Home > Rayne > I feel pretty…oh, so pretty…

I feel pretty…oh, so pretty…

January 10th, 2014

imageSo last night, I dyed my hair.

I was supposed to wait till Master felt like helping me (or had the time…lately, it’s more that he doesn’t have time for anything), but I got tired of waiting. I wanted it done already. So in anticipation of the mess I was going to make, I covered the bathroom with garbage bags, mixed up a couple bags of henna-based, all natural dye, and went to town.

I used this color the last time I dyed my hair, but my hair was longer, and chemically treated in some places, and much, much more damaged. At the time, I was using Suave shampoo and conditioner because we couldn’t afford something good for my hair, so my hair was super dry. Plus, I followed directions on the internet rather than directions on the package. Over all, it was a giant recipe for disaster, and it didn’t come out quite how I wanted it, and…yeah.

Oh, did I not mention I cut my hair? I can’t remember. I mean, if you follow me on Twitter, you know, because I practically live-tweeted that shit. I was super nervous about it. Partly because the girl took off 2 1/2 feet, but mostly, I was nervous about the bangs. I haven’t had bangs since middle school, and back then, we cut a very thin layer of bangs straight across just under the brow line, rolled them under with a curling iron, and then sprayed the shit out of them so that they didn’t lose their curl. Ahh…the 90s.

These days, my shampoo and conditioner each cost $8 a bottle, which sends my heart into palpitations when I think about it, but Master likes the brand, and has ordered me to keep buying it. It’s done wonders for my hair. Even though I’m dehydrated more often than not (my body doesn’t retain hydration as well as it should), my hair has evolved to be closer to “normal” than “so dry it breaks if you so much as breathe on it.”

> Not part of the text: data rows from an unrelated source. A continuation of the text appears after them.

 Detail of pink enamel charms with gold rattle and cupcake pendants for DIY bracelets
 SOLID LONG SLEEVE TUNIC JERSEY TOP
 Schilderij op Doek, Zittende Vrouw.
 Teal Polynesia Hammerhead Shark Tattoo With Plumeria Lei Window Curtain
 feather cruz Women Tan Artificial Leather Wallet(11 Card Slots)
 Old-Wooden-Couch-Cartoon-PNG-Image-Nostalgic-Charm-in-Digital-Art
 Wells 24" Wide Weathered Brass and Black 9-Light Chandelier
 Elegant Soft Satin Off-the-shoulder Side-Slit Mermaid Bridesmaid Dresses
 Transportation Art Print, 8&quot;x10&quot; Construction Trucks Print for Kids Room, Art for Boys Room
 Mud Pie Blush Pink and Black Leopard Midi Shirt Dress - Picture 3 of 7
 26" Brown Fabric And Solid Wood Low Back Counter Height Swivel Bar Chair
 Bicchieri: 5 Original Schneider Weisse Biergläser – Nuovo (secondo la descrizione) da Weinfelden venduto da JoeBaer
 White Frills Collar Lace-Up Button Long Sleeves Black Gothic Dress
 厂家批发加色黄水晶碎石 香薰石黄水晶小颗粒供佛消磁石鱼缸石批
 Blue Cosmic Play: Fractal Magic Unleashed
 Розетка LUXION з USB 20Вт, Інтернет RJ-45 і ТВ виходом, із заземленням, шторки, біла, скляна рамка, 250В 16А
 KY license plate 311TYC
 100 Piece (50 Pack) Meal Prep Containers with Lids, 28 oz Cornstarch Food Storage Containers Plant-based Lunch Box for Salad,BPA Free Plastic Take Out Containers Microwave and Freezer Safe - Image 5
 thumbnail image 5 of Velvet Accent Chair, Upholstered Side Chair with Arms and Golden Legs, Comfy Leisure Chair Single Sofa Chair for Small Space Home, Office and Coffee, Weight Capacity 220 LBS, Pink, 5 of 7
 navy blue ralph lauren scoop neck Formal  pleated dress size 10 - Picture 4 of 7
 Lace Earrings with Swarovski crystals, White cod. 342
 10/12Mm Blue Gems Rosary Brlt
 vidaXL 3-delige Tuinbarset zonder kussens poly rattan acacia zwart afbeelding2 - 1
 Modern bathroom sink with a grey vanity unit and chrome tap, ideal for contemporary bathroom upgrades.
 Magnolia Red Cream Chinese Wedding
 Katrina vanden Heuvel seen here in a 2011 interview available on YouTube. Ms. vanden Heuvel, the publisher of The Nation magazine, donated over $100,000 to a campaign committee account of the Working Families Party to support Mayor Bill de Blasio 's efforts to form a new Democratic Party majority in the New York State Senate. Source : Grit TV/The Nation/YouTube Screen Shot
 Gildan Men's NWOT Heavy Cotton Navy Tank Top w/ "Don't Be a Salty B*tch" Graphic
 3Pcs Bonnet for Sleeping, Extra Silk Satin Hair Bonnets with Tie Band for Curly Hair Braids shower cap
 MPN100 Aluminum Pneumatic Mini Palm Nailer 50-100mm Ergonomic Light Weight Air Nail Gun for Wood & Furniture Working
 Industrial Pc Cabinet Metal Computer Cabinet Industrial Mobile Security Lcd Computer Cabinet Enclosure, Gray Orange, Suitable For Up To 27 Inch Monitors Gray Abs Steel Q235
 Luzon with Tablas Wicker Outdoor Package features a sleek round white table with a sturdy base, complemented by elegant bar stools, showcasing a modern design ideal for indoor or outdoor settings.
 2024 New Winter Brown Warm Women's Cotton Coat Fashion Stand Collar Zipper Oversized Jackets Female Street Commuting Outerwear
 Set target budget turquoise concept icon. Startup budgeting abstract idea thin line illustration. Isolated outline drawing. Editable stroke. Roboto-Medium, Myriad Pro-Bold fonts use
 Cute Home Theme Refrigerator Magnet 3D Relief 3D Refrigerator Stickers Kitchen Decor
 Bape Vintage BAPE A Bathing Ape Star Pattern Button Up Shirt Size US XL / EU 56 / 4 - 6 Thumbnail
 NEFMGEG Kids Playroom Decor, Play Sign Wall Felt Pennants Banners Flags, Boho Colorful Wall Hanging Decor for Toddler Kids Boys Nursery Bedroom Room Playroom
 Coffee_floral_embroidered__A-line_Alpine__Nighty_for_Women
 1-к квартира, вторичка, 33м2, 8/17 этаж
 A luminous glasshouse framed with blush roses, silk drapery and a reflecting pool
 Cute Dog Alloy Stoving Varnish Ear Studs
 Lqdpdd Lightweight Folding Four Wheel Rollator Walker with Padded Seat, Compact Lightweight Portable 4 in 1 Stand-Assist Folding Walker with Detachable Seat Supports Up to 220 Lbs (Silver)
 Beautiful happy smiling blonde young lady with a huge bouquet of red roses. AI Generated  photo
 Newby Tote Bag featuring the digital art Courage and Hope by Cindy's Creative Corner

I had the girl cut off a lot to get rid of the last of the chemically treated part of my hair. She cut it just a smidge shorter than I wanted her to, but Master likes it, and it’ll grow back, so I’m really not bothered by it.

I was worried, at first, because Master and I had discussed the new ‘do, and while we have both agreed that my hair looks better when it’s not past my ass, we had decided about mid-back was the way to go. And we all know how particular these masterly men are about the length of their slaves’ hair. But when I mentioned that it was shorter than we wanted, he said, “So what? It looks good, and it’ll grow back.” So I began the process of learning not to fret over the fact that I didn’t like how short it was.

Turns out, the real issue was just not being used to seeing myself with hair that short. And bangs. God, let’s not forget the bangs. I fret over them more than how short my hair is. Now that I’ve had some time to get used to it, though, I like it. It’s easier to manage. It doesn’t get in the way all the time. And I’m even comfortable wearing my hair down sometimes. When it was long, I almost never let it down.

The single irritation with the new ‘do is my hair is naturally wavy. Without all that extra weight to pull it down, it kinda looks wild if I don’t straighten it. Sometimes this works to my advantage, though. Once in a while, my bangs look freakin’ awesome, and all I did was let them air dry.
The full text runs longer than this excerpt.